Author: Adam Clarke, Get Outside in Somerset Ambassador
“A tea session is modelled after the silence of retreat; a time to enjoy life far removed from daily existence.” – Sen Joo
Nestled in a quiet, secret corner of the forest, a galaxy of dappled sunshine swayed with a web of shadows, born of the ascending boughs and branches above me. The air was warm as midday approached, the sounds of the forest giving way to a precious silence. A slight breeze kept me company as I looked out from the edge of Combe Hill woods, a place I have roamed and revisited since my childhood.
I had found my way to this familiar secluded spot to escape a series of subtle, yet potent, tectonic recent moments; to create time and space to reflect, and attempt to make sense of the uncertainty the next few months may hold. It’s fair to say I have a passion for solitude, and have often found some of the most insightful advice and guidance when able to rest deeply and embrace the altruism of woodland light and air.
Purposefully, I had left my mobile phone at home. I wanted no interruptions. I wanted even less the temptation to interrupt my own solitude with note-taking, listening to music, or worse still, replying to an email.
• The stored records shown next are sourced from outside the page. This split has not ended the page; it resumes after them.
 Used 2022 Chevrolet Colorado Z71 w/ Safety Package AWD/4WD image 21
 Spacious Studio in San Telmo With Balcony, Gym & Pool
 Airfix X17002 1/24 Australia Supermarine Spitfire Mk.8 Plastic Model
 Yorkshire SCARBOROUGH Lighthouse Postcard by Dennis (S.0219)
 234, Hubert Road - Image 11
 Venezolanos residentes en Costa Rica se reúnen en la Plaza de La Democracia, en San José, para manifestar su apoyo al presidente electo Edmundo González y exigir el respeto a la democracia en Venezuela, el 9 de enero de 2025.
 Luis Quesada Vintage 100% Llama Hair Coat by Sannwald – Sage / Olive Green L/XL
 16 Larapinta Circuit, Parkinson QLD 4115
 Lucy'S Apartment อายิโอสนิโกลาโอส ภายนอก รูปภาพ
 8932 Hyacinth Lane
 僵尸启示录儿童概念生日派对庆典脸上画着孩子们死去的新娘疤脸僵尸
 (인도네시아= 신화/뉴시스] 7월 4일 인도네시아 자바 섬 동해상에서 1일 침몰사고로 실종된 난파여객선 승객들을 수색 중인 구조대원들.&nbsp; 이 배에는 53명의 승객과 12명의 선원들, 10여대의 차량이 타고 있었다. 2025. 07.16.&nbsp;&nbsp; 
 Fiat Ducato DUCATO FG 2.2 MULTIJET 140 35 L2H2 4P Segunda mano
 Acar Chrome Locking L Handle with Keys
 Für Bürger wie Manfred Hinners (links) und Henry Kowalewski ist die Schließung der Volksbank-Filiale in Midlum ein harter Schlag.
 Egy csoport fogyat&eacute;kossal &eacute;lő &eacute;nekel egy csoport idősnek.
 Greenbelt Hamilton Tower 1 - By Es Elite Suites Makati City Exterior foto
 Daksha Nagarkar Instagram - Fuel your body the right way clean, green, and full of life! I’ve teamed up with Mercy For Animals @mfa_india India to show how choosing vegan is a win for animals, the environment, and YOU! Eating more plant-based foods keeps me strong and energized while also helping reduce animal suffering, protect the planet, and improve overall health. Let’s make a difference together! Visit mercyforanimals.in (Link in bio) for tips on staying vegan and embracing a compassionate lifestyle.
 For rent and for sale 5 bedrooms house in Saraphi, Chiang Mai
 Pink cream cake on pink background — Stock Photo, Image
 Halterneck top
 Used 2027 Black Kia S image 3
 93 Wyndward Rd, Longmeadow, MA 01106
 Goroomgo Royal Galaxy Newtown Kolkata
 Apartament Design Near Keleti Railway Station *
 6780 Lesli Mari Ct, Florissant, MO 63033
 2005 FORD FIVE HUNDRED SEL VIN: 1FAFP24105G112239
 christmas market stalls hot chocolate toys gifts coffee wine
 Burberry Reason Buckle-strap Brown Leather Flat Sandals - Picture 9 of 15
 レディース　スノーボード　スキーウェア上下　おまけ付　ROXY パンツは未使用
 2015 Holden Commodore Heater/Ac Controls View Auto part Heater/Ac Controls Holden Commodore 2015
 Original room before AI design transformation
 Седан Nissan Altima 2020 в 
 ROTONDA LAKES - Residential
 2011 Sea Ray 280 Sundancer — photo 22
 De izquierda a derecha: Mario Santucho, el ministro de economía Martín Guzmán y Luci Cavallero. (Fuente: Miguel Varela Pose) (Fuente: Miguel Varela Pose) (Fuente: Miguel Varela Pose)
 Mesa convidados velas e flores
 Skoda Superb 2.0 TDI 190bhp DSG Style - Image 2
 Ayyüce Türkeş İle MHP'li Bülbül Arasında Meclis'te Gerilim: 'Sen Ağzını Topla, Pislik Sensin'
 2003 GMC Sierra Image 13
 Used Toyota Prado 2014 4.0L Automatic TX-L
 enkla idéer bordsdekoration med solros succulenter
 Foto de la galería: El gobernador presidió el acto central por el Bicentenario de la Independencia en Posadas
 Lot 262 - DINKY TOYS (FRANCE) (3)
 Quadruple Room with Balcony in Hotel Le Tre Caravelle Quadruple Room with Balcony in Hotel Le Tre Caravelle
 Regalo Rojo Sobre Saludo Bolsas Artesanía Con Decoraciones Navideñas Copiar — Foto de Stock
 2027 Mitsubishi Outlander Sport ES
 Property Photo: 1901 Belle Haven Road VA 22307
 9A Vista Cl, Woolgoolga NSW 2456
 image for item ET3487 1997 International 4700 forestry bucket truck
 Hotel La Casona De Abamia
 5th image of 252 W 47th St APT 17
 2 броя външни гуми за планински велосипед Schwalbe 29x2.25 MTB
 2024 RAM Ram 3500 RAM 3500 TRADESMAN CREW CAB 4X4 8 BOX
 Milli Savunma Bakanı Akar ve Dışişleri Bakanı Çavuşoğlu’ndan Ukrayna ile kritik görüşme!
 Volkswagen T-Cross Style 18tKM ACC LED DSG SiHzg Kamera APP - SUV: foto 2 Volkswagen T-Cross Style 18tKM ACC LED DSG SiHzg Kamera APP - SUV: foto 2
The intention of this day was a true self imposed exile. I wanted to focus upon connecting with myself and with nature, heightening my awareness of the world’s sensory textures. I wanted to rest in a woodland cathedral, embrace a genuine technological abstinence, and hopefully find some semblance of clarity.
Yet, as I sat there, curling the grass between my fingers and toes, attempting to focus upon breathing in the scent of a quiet forest, I was being taunted. From afar a pocket-sized insidious mesh of circuits, metal, plastic and glass, reached out to me; a parasitic lure of unwanted contact secretly whispered to me a digital vibration. It lay discreetly cradled upon my bookshelf, obnoxiously shiny and silent, somehow riddling my want for a quiet mind. Why and how, beneath a perfect blue sky, embraced by the sun’s white heat and light, surrounded by the peace and silence of trees, was my mobile phone intruding upon me?
It was wholly uncomfortable. Like an itch I couldn’t scratch; but it wasn’t the device itself of course. It was what the device symbolised: connection. The inevitable flow of information that cascaded towards it; calls, emails, text messages, social media “DM’s”, the synching of files, folders, and more. I frustratingly stood up, dug my bare feet into the ground, and lifted my head to the sky, allowing my arms to fall backwards. I stretched and opened my chest. I took a series of deep, focused breaths, forcing every inhale to fill my lungs deeper than the last. What I was feeling was the incessant chatter of ‘Techno-Stress’.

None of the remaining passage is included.